Ruapehu District Mayor Don Cameron broke the good news first to raucous applause.

"Well very quickly I can say that the road will go through, a new road will be built and road closure signs will be removed from Tahunga Junction this afternoon ... so that means I'm not going to get anything thrown at me. That's great."

Mr Cameron then differed to the Transport Agency's Mark Owen.

He said contractors would soon attempt to put a single lane across the slip, but after that things were less clear.

"The long-term solution is to reinstate a two-lane highway that used to be there called State Highway 4 so we've got a team that is starting to look at that in parallel to see what are the long-term more resilient options.

"They may end up accepting a phase two quick alignment [across the slip]. That might be it or they might say that's two unstable for the future and we're going to come with a brand new alignment."

After the meeting Mr Owen said he couldn't say how long that would take.

"We just can't really say at the moment until we've done our full assessment.

"It's a very big land slip and there's a whole lot of cracks further afield so we've got to look at what a viable option might be and that's what we've got of geotechnical and contractors looking at right now.

"Once they come back with a range of options then we'll look at which ones take the longest or shortest time and we'll work our way through from there so within the next few weeks we should start to get a better idea about the time line."

That wasn't good enough for Raetihi local Liz Brooker.

"They talk about months but then they actually compared it to the Manawatū Gorge and we all know that wasn't months so we just don't know yet.

"I think none of us think this is going to be a quick fix and we should be given some good timely information that's transparent rather than calling it a significant timeframe. How long is significant?"

But Lisa Martin, who owns the town's Caltex petrol station, said people were nervous the road might close so getting confirmation the work would go ahead was a relief.

"There has been rumours about that before with the amount of work that's been on the Paraparas over the years and I think people were saying that some of those slips have been out since 2013."

Lisa Martin was relieved to hear that work would go ahead on the highway.

Lisa Martin was relieved to hear that work would go ahead on the highway. Photo: RNZ / Robin Martin

"So when they haven't been addressed for so long already it does bring in the fear that maybe they are looking at closing it," she said.

"So I think that it's a big relief for people that these guys are dedicated to opening up State Highway 4."

Another local, John Donald, was not as confident the road could be saved.

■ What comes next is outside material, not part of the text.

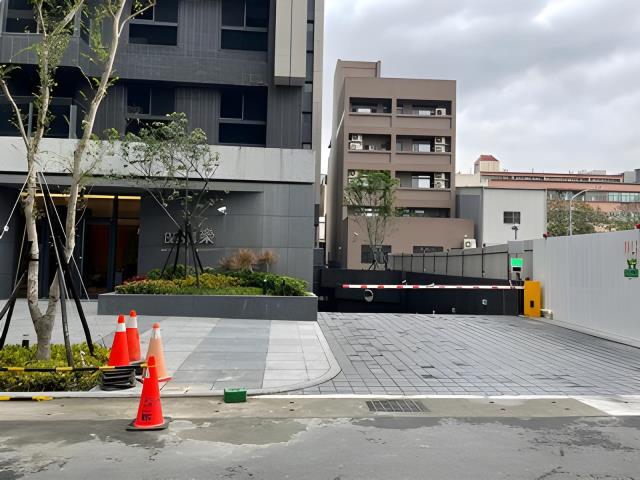 桃園區拍賣大樓-1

"Well they just haven't been getting on to some of those places on the Parapara that have been ongoing for probably four years and you know the state of the road down there.

"They've had one crack at fixing it and that was a disaster... I've got grave reservations about it really. It's taken ,that long for that one down there and they still haven't fixed it have they."

John Donald says he has reservations about whether the road can be saved.

John Donald says he has reservations about whether the road can be saved. Photo: RNZ / Robin Martin

However the mayor was more upbeat .

"We were worried with the huge numbers here there might be a negative tone to it and there wasn't.

"Mainly because I think the locals realise this is a big job and it's going to take some time so now they are thinking ahead about how do we make ourselves more resilient so that we bring people in and businesses survive and also the community survives."

The Transport Agency also committed to completing the outstanding repairs on State Highway 4 and changing road closure signage to make it clear Raetihi was still open for business.